Edition 513 – The Unbridgeable Gap
Have you ever employed anyone in your small or family business because they had a heartbeat?
Or, were the only individual that responded to the advertisement?
Or were recommended to you by a friend of a friend, but you didn’t test their candidacy, nor suitability, against anyone else?
In recent years, as unemployment has driven to almost historically low levels, I’ve seen more business owners employ new staff simply to fill a gap in their business, rather than spend time finding the right person for the role.
Who do you need in your business vs. who do you accept? And, in doing so, what consequences does that have across the wider business, when that gap-filler turns out to be incompetent, or lazy, or inefficient, or a narcissist?

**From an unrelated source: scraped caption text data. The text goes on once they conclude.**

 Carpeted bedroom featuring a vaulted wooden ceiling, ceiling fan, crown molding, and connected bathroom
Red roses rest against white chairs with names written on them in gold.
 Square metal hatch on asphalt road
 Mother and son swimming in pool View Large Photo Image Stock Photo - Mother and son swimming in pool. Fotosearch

If you’re having trouble finding staff, you need to ask yourself why. Most small and family business owners will almost exclusively blame external factors such as:
- A tight labour market.
- Higher salaries in similar industries.
- Cost of living pressures, thus forcing people to relocate from the major cities.

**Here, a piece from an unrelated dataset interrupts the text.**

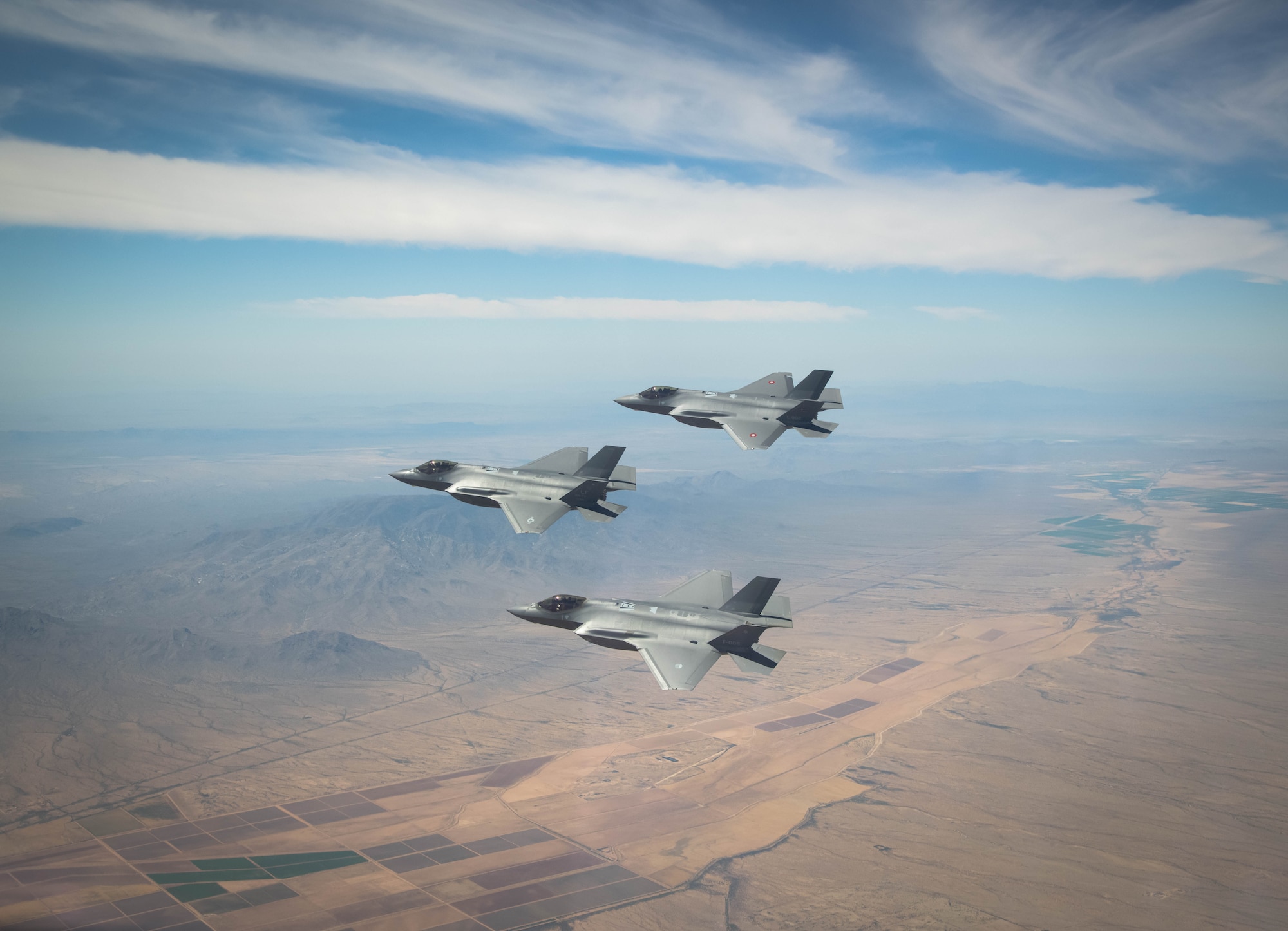 A U.S. Air Force, a Royal Danish Air Force and a Royal Netherlands Air Force F-35A Lightning II fighter jet assigned to the 308th Fighter Squadron, Luke Air Force Base, Arizona, fly in formation May 5, 2021, over Bagdad, Arizona.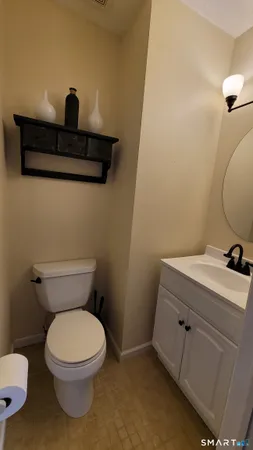a bathroom with a toilet a sink and wooden floor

- A shortage of skilled employees.
Yet, I’d contend first and foremost, that internal factors deserve a higher level of responsibility, and are not investigated enough, nor in depth, by business owners. Internal factors such as:
- Why aren’t you an employer of choice?
- What your employees are saying about your business in their social circles?
- Whether your employees consider their work interesting and challenging, if that’s what they desire?
- Whether you, as the owner or manager of the business, are leading from the front, and showing your team where you’re heading in business, and why you’re heading there?
More than 20 years ago, a former metal fabrication client complained to me about staff goofing off on work time, by ducking into the bathrooms, with the newspaper under their arms, to spend 20 minutes off the shop floor.
“I’ve sorted those buggers out” he followed up gleefully. “I pulled out all the lightbulbs in the bathrooms! They can’t read the paper now, can they?” He laughed. I laughed too. I don’t know whether or not we were laughing for the same reasons. My guess is we weren’t.
Is your inability to attract the right people to your business an unbridgeable gap? Is it something you’ve just accepted, but not done anything about, to ensure it doesn’t happen in the future?
There’s an old saying, that if you keep on doing what you’ve always done, you’ll keep on getting what you’ve always got. It’s true, yet so many business owners, at least in endeavouring to make their business a far more attractive place for employees to want to be, seem to ignore it.
This Week’s Tip
“Start with the end in mind – meaning, what do you want your employees to say about you, and your business in one or two year’s time, and then work towards that goal – assuming, the employees you have, are the ones you want more of in the future.”